Image credit: National Cancer Institute
Have you ever wondered how the active substance from a tablet finds its way to the right place in your body? Drugs that are taken orally first enter the stomach and then the small intestine, where they are absorbed and reach the liver. After passing through the liver, they are distributed via the blood stream, and can thus reach their target locations.
On this long journey, most of the drug is lost and excreted. Researchers are therefore looking for ways to get a drug as directly as possible to the desired location of action. Recently, synthetic nanomotors have been considered an effective delivery method for the dynamic and targeted transport of drug cargo. But their size has been an impediment owing to the difficulty in achieving nanoscale dimensions.
Other limiting factors include difficulty in guiding the motor and its drug load to the right location. Furthermore, the cell membrane serves as a robust biological barrier that prevents invaders from passing through.
Now, Professor Jan van Hest and his research group at Eindhoven University of Technology have made a great leap forward in this field. Utilizing biodegradable polymers, the team generated nanoscopic bubbles that they then modified with a hemispherical gold nanocoat.
Near infrared irradiation was then used to generate a thermal gradient in these hybrid bubbles, which then stimulates movement as the particles move from hot to cold regions. These “nano-submarines” show velocities ranging between 6 and 26 millimeters per hour as a function of the laser power.
According to van Hest, the main challenges were to make a motor system of a size which is relevant for application in the biomedical field below 200 nanometers that could also be steered by an external force, and which was able to carry cargo.
In the past, tremendous efforts have been made to resolve the membrane issue without increasing the risk of drug leakage during transportation. In this regard, the scientists considered what is known as the membrane disruption approach as an effective pathway to address this issue.
The membrane disruption approach uses an external stimulus, such as light, temperature or a magnetic field, to locally damage cell membranes in order to introduce cargo. Hence, the near infrared irradiation used in this study not only generates a thermal gradient to mobilize the motors, but also creates an opening for drugs to enter the cell.

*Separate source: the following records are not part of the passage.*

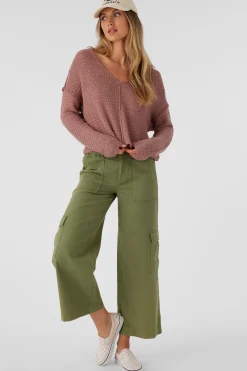 MARINA COTTON SLUB V-NECK SWEATER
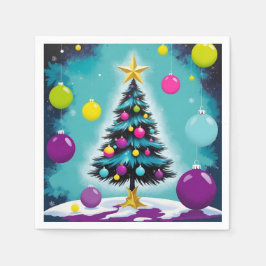 Pop Art Christmas Snoep als gekleurde Ornamenten Servet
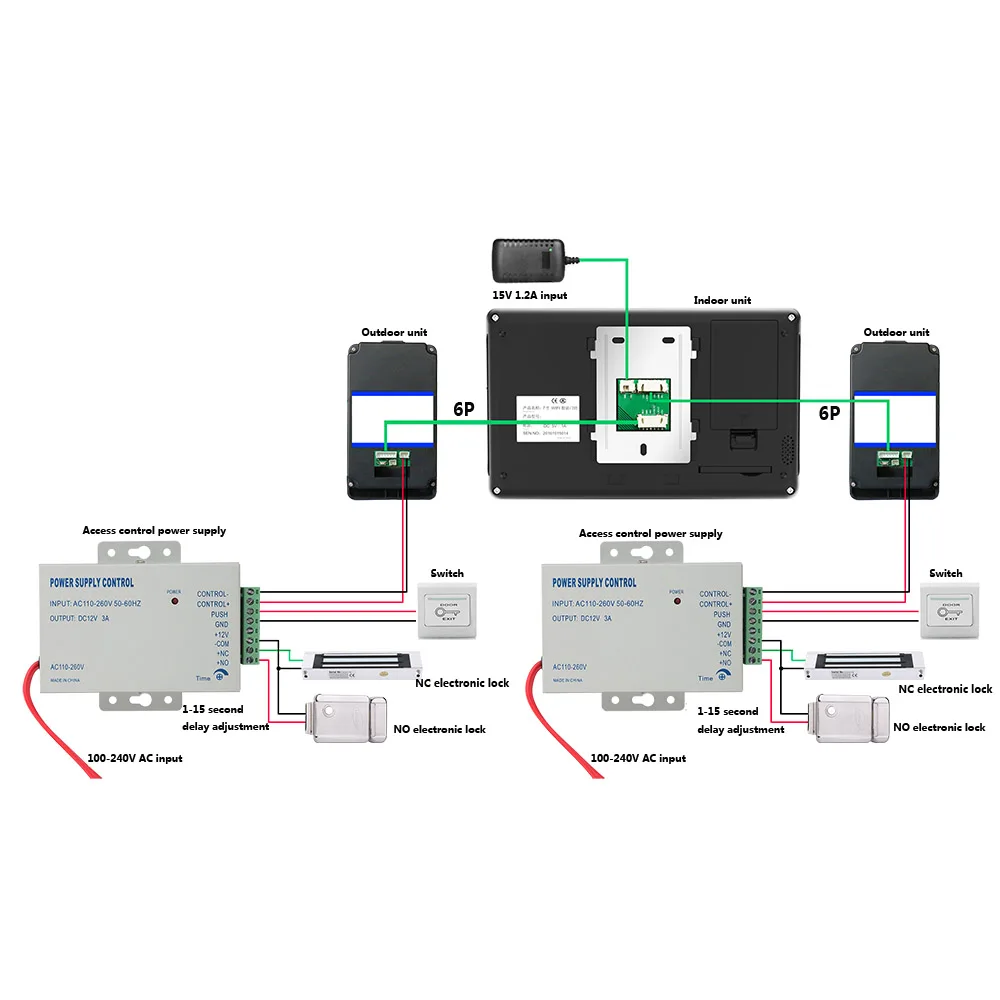 7 дюймов проводной беспроводной Wifi отпечаток пальца RFID пароль видео дверной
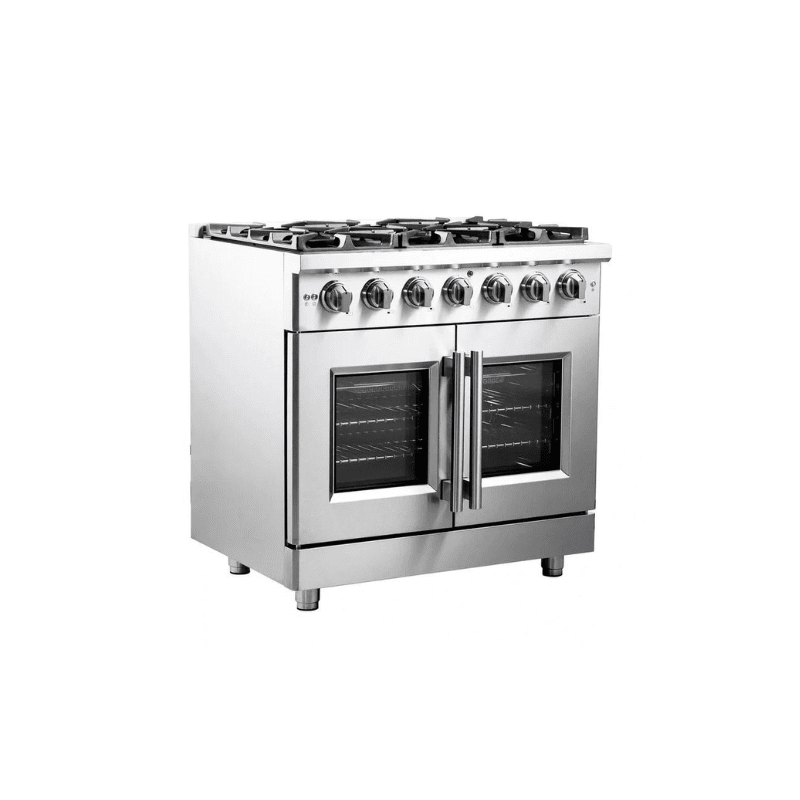 FORNO Massimo 36-Inch Freestanding French Door Gas Range in Stainless Steel - FFSGS6439-36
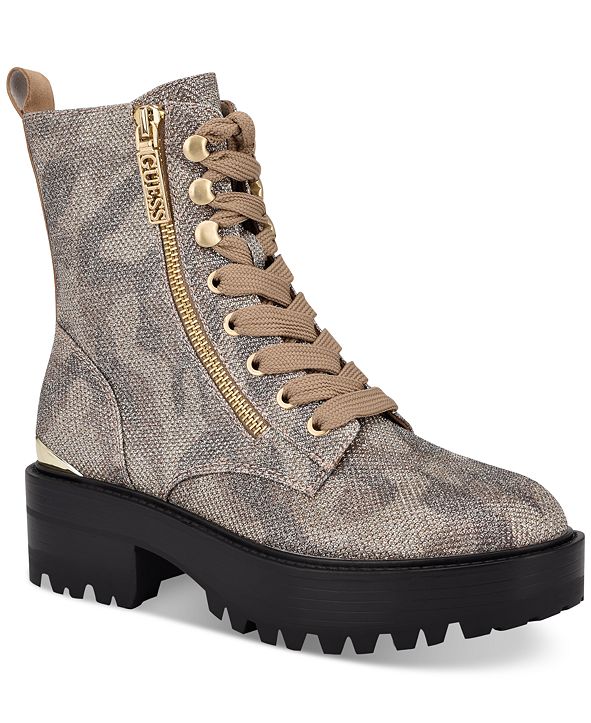 GUESS Women's Fearne Lug Sole Lace-Up Booties & Reviews - Boots - Shoes ...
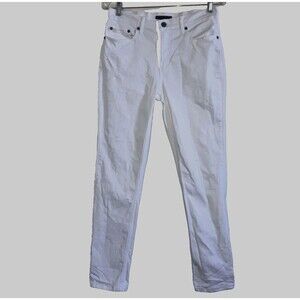 BANANA REPUBLIC  sz 4  27 GIRLFRIEND JEAN White Cotton Stretch Tapered Mid Rise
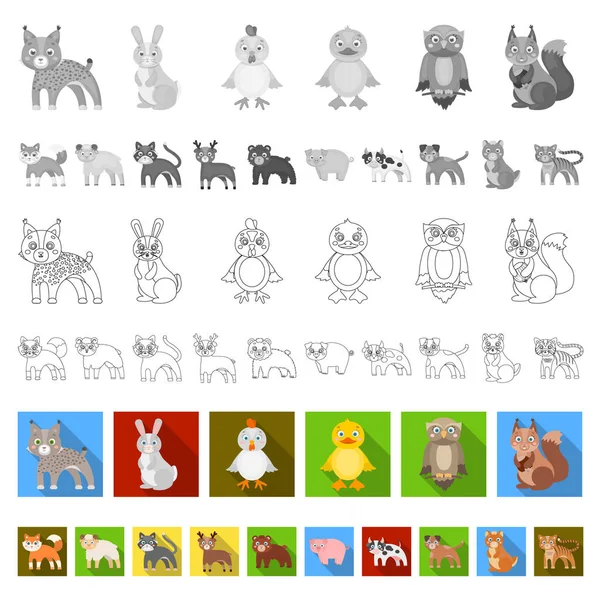 Hračka zvířata ploché ikony v nastavení kolekce pro design. Pták, predátor a býložravec symbol akcií webové vektorové ilustrace. — Stockový vektor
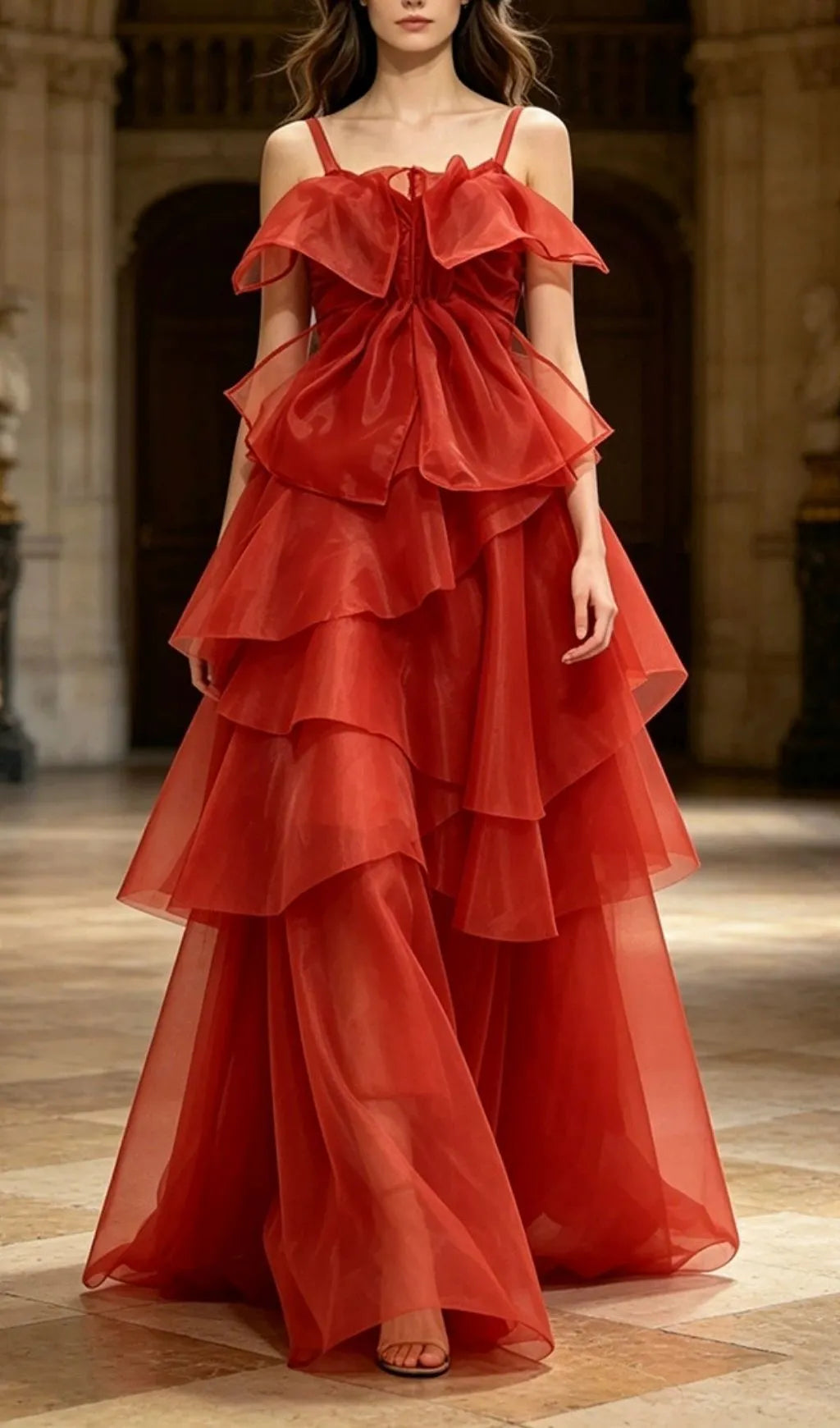 Varesa Spaghetti Ruffle Maxi Dress Flowering Girl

As research demonstrated before, near-infrared irradiation lasers are capable of deep tissue penetration. As such, they can remotely activate agents for therapeutic applications and disrupt the cell membrane.
“The cell membrane is a tough barrier to cross,” van Hest said. “With our light-driven nanomotors, we have now found a way to traverse the barrier and effectively deliver cargo inside living cells.” The researchers showed in their recently published paper that the novel nanomotors were able to traverse biological membranes and effectively penetrate tumor tissues, permitting active transport and delivery of drugs.
However, van Hest said: “Until now, we have only shown enhanced penetration of cells, and delivery of cargo. The next step is to employ this system in a nanomedicine context.”
Light-driven motion could be especially useful to achieve deeper tumor penetration. One of the main challenges in the treatment of tumors with nanomedicine is that particles tend to adhere to the periphery and are not able to reach the inner side of tumor tissue. By using controlled, movable particles, medicines could be delivered more effectively and lead to better treatment and patient outcomes.
Reference: J. Shao, et al. Photoactivated Polymersome Nanomotors: Traversing Biological Barriers, Angew. Chem. Int. (2020). DOI: 10.1002/anie.202003748.